CSU AI Contractor OpenAI Partners with Trump’s Department of War; Sign CFA Petition to not Renew Contract!
On February 28, OpenAI signed a contract with the Department of War (DOW) to deploy its own AI models with the department’s classified network. The deal emerged after the DOW announced it was severing ties with Anthropic, another private AI company, when it refused to remove guardrails around how its AI model Claude would be used.
Anthropic had initially signed a $200 million deal in July 2025 to build AI tools for US national security. However, when the DOW wanted to use AI tools for mass domestic surveillance and the development of autonomous weapons, Anthropic refused.
OpenAI, by contrast, hastily signed an agreement with the DOW, raising serious ethical concerns over their lack of regard for how dangerous their tools could be both domestically and overseas. It also reversed its 2023 policy, which explicitly banned the military from accessing its AI models.
This concerns CFA members because in February 2025, the Chancellor’s Office announced a 17-million-dollar public-private initiative with the privately owned company, OpenAI, to make the CSU the first AI-powered university.
The CSU-Open AI deal was done without faculty consent and jeopardizes the integrity of a university whose mission is, first and foremost, to serve our students.
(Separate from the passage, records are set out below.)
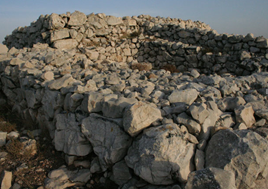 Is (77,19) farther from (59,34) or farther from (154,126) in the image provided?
(154,126)

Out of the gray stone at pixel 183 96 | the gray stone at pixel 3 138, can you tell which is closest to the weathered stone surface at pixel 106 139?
the gray stone at pixel 183 96

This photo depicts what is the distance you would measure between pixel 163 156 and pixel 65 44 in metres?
8.24

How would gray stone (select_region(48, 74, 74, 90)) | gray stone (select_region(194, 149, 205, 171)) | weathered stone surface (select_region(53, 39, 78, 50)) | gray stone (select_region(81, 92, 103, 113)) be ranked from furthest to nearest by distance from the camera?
weathered stone surface (select_region(53, 39, 78, 50))
gray stone (select_region(48, 74, 74, 90))
gray stone (select_region(81, 92, 103, 113))
gray stone (select_region(194, 149, 205, 171))

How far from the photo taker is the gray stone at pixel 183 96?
3805mm

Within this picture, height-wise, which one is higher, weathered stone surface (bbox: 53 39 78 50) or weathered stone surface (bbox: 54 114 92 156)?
weathered stone surface (bbox: 53 39 78 50)

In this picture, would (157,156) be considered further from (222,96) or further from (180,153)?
(222,96)

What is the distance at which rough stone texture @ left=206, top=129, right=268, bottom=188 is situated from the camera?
2395 mm

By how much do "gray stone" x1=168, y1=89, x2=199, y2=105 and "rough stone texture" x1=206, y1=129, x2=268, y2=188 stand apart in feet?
3.84

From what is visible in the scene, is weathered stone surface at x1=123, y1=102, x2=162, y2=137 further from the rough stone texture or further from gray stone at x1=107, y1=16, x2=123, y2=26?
gray stone at x1=107, y1=16, x2=123, y2=26

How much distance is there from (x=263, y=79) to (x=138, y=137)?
13.8 feet

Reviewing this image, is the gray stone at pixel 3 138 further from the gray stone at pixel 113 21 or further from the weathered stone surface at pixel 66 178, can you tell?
the gray stone at pixel 113 21

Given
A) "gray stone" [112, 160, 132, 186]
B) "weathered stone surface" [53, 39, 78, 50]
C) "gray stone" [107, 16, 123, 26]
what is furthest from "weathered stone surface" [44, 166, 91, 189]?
"gray stone" [107, 16, 123, 26]

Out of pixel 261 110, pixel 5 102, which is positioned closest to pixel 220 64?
pixel 261 110

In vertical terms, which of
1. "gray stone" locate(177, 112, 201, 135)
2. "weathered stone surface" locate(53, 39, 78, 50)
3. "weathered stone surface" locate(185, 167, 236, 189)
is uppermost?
"weathered stone surface" locate(53, 39, 78, 50) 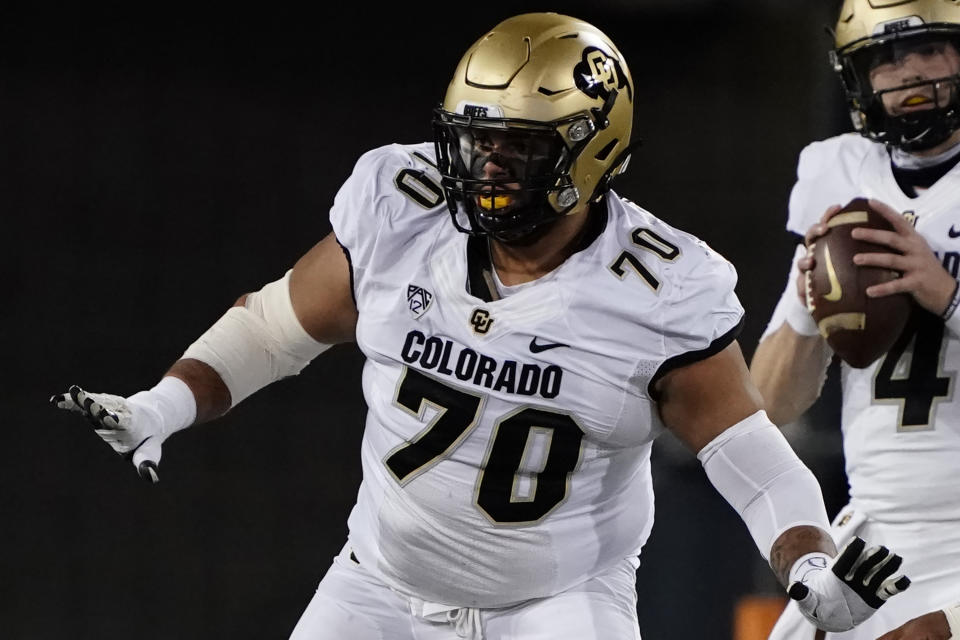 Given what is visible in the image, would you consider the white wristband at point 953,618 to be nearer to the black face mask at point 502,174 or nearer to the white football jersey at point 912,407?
the white football jersey at point 912,407

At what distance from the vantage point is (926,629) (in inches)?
80.0

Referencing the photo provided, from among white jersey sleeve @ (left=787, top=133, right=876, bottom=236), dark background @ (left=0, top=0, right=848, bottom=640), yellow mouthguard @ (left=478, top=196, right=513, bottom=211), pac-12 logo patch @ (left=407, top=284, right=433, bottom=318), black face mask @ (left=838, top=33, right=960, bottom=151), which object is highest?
black face mask @ (left=838, top=33, right=960, bottom=151)

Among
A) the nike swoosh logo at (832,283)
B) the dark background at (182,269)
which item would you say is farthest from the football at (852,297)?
the dark background at (182,269)

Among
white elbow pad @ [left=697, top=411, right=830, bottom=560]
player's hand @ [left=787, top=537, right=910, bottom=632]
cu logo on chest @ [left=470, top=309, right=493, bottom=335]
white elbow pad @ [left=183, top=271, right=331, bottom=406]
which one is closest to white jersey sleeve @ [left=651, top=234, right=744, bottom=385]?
white elbow pad @ [left=697, top=411, right=830, bottom=560]

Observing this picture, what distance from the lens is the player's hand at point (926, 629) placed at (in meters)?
2.02

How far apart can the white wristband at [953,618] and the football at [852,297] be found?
39 centimetres

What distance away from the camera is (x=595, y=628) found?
6.45 feet

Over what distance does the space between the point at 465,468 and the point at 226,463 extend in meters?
2.19

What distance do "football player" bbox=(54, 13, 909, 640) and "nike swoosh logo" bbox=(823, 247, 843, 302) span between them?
11.1 inches

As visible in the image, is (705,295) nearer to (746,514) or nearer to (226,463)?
(746,514)

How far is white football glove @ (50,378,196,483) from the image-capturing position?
6.20ft

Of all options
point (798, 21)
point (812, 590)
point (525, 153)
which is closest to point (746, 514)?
point (812, 590)

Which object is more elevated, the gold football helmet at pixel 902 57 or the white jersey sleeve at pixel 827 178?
the gold football helmet at pixel 902 57

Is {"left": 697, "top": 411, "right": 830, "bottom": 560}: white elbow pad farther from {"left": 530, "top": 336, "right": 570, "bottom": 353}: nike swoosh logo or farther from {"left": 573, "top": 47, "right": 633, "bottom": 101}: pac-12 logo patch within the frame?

Chancellor García’s deal with OpenAI represents a very risky and menacing incursion of private companies’ interests into CSU infrastructure and workforce development goals. The same company willing to partner with a federal government that has been directly responsible for exacerbating the systemic violence against Black and brown communities, LGBTQIA+ people, women, and persons with disabilities, now has its hands steeped in our students’ education, and likely for the worse.
OpenAI’s eagerness to sign a contract with the DOW demonstrates its priorities: profit over safety and human welfare. It is no less likely to prioritize profit over students and treat them solely as a training ground to enhance and refine its AI programs.
To make matters worse, the Chancellor’s Office has been complicit in AI perpetuating harmful stereotypes, including racial and gender biases, through their failure to mention—in the slightest—these well-documented concerns. There has been no transparency or accountability in their AI-initiative.
In its Ethical and Responsible Use Guide for AI Integration document, CSU management fails to address any of these issues, essentially ignoring the realities of our students, many of whom come from underrepresented and underserved backgrounds.
In March 2025, CFA filed an unfair practice charge against the Chancellor’s Office for refusing to meet and confer over how the AI initiative would impact faculty.
In September 2025, Elaine Bernal, CFA Associate Vice President of Lecturers, South, and CSU Long Beach lecturer, gave their testimony regarding the threats that AI poses to our education system, data privacy, intellectual property, academic freedom, and environment sustainability.
“Let us be clear about bias,” said Bernal. “AI does not just make random errors; it reproduces structural racism. As scholar Ruha Benjamin reminds us in Race After Technology, these systems are not neutral. They encode inequality, including anti-Blackness, into their design. CSU’s students, Black, Indigenous, Latinx, immigrant, queer, trans, first-gen, disabled, should not be handed tools that reinforce the discrimination they already face in society. As a queer Filipino faculty member, I know these inequities personally.”
In response to these concerns, the CFA Bargaining Team has also proposed a stand-alone article in our Collective Bargaining Agreement on AI that centers on guardrails around the use of AI and protections for faculty.
As for legislative policy, we are sponsoring Senate Bill 928, which aims to protect CSU employees from the encroachment of artificial intelligence.
We remind you to sign this petition urging Chancellor García not to renew the CSU’s contract with OpenAI and to use the money to protect jobs at CSU campuses.
Our members will continue their work to ensure that students receive an education free from corporate interests, motivated entirely by profit, that have no real stake in the teaching or learning outcomes in the CSU.